Malaria is a life-threatening disease caused by Plasmodium parasites that are transmitted to people through the bites of infected mosquitoes.
Malaria can be controlled through early diagnosis and prompt and effective treatment with artemisinin-based combination therapies (ACTs) and vector control measures, such as the use of long-lasting insecticidal mosquito nets and indoor residual spraying of insecticide.
Artemisinin resistance has been detected in five out of the six Greater Mekong Subregion countries: Cambodia, the Lao People’s Democratic Republic, Myanmar, Thailand and Viet Nam.
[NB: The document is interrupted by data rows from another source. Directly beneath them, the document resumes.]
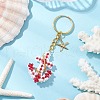 2Pcs Iron Glass Seedbead Keychain KEYC-MZ00034-4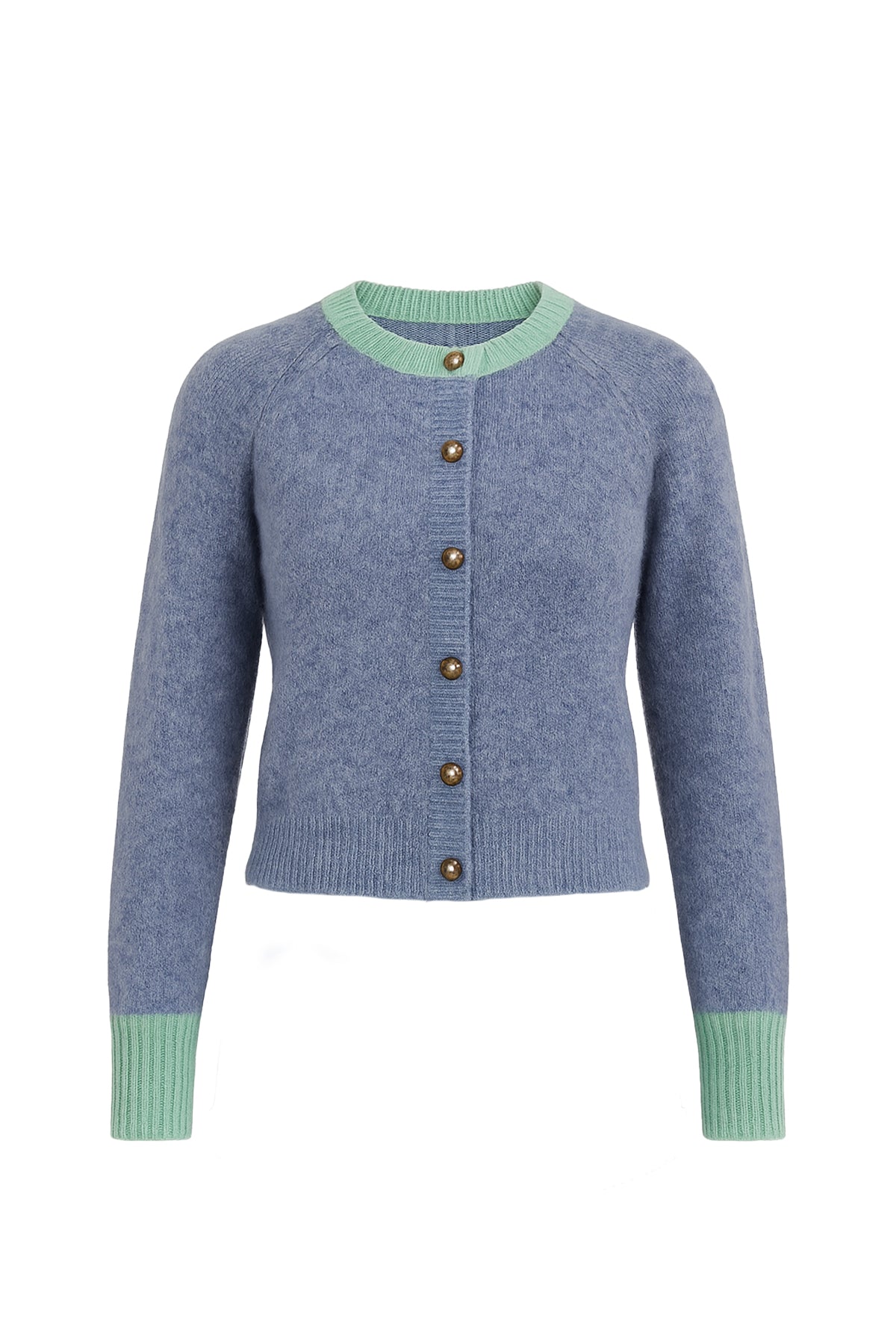 Allie Textured Knit Raglan Sleeve Cardigan with Contrast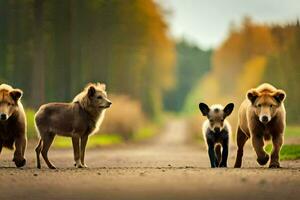 quatre animaux en marchant sur une route dans le les bois. généré par ai photo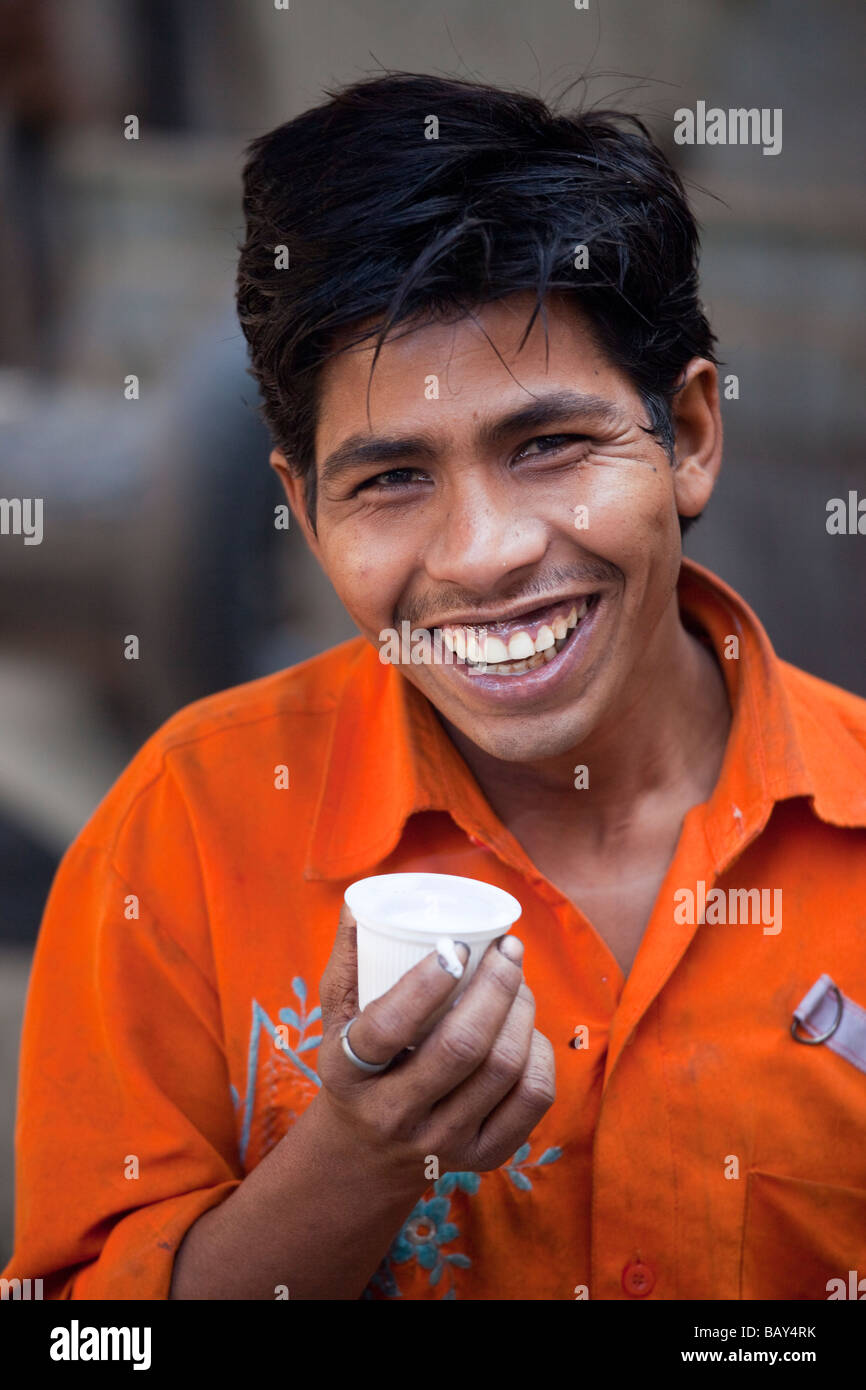 Young Indian Man Drinking Chai Tea in Old Delhi India Stock Photo Alamy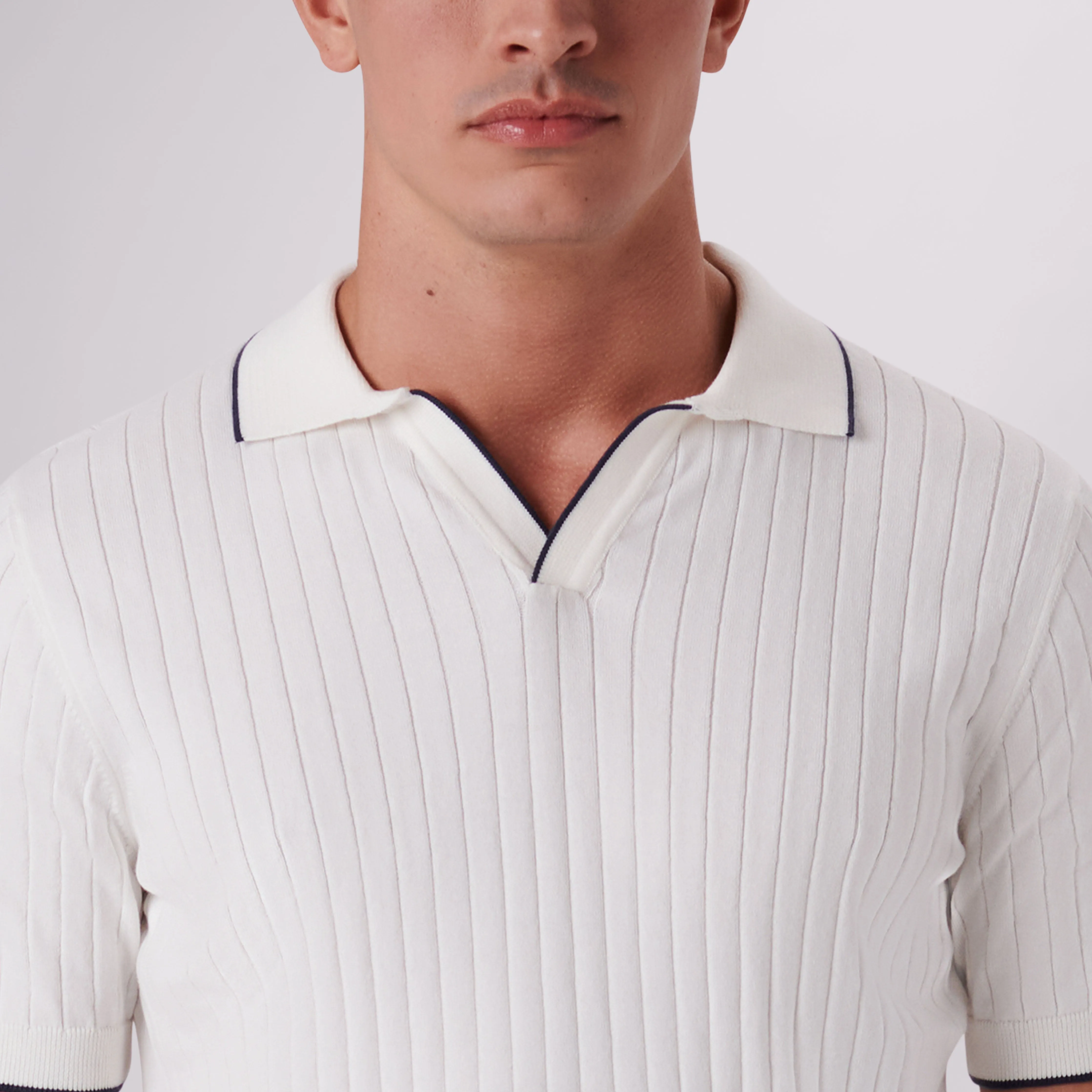 Rib Knit Short Sleeve Johnny Collar Sweater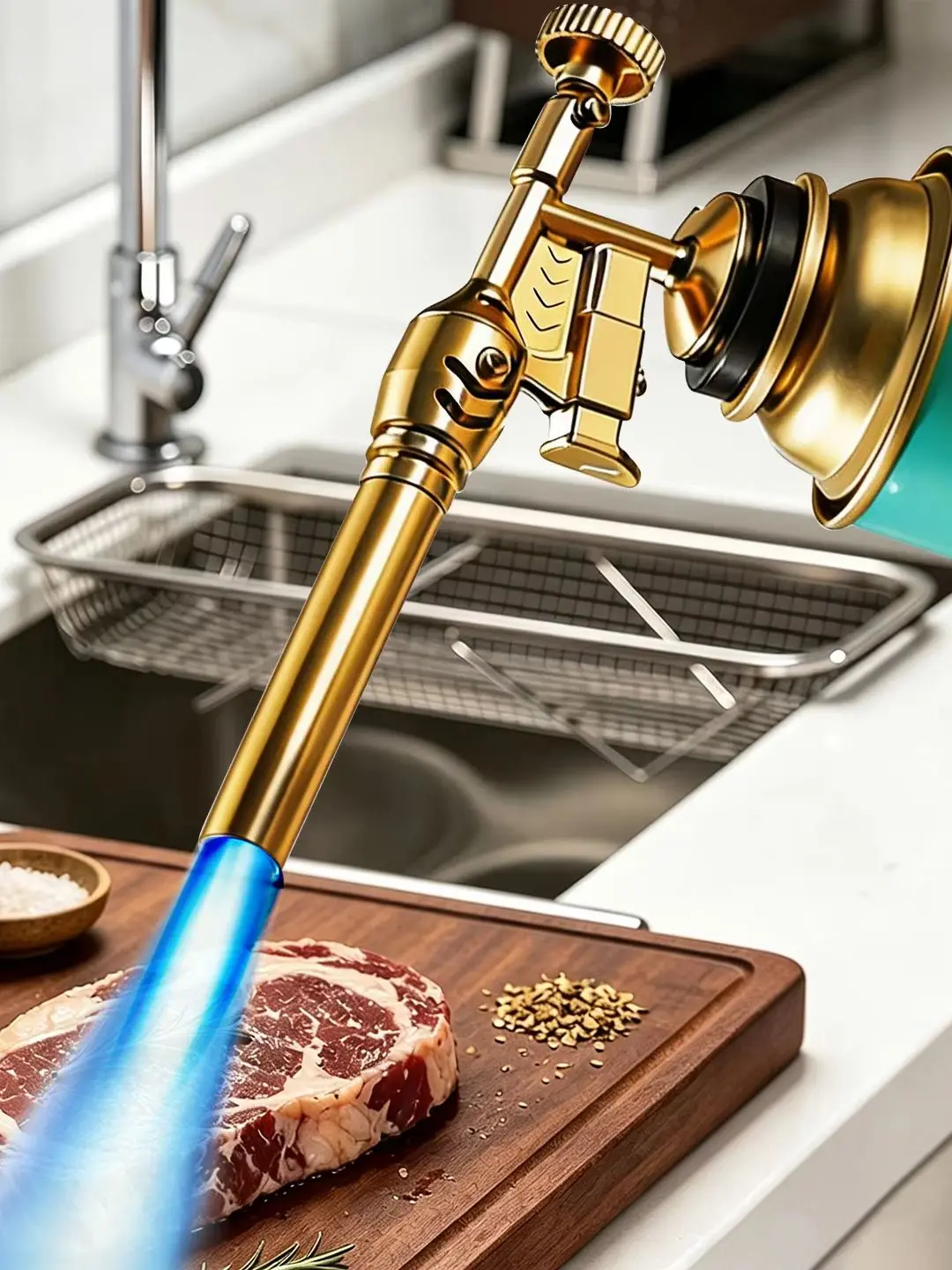 Tragbarer Butangas-Schweißbrenner mit Hochtemperaturflamme und Kupferdüse für BBQ-Kochen, Metalllöten und -schweißen, Outdoor-Werkzeug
Responding to the threat of antimalarial drug resistance, WHO launched its Emergency Response to Artemisinin Resistance in the Greater Mekong Subregion (ERAR). Regional Framework for Action 2013-2015 in 2013 — a strategic framework for the
A WHO regional hub has been established in the Cambodian capital Phnom Penh, with partner support, to provide coordination and technical support across and beyond the GMS for the intensified efforts set out in the ERAR framework. An increasing number of partners are supporting the response, including the Bill & Melinda Gates Foundation; the Australian Department of Foreign Affairs and Trade; the Global Fund to Fight AIDS, TB and Malaria, the United States Agency for International Development, and the UK Department for International Development.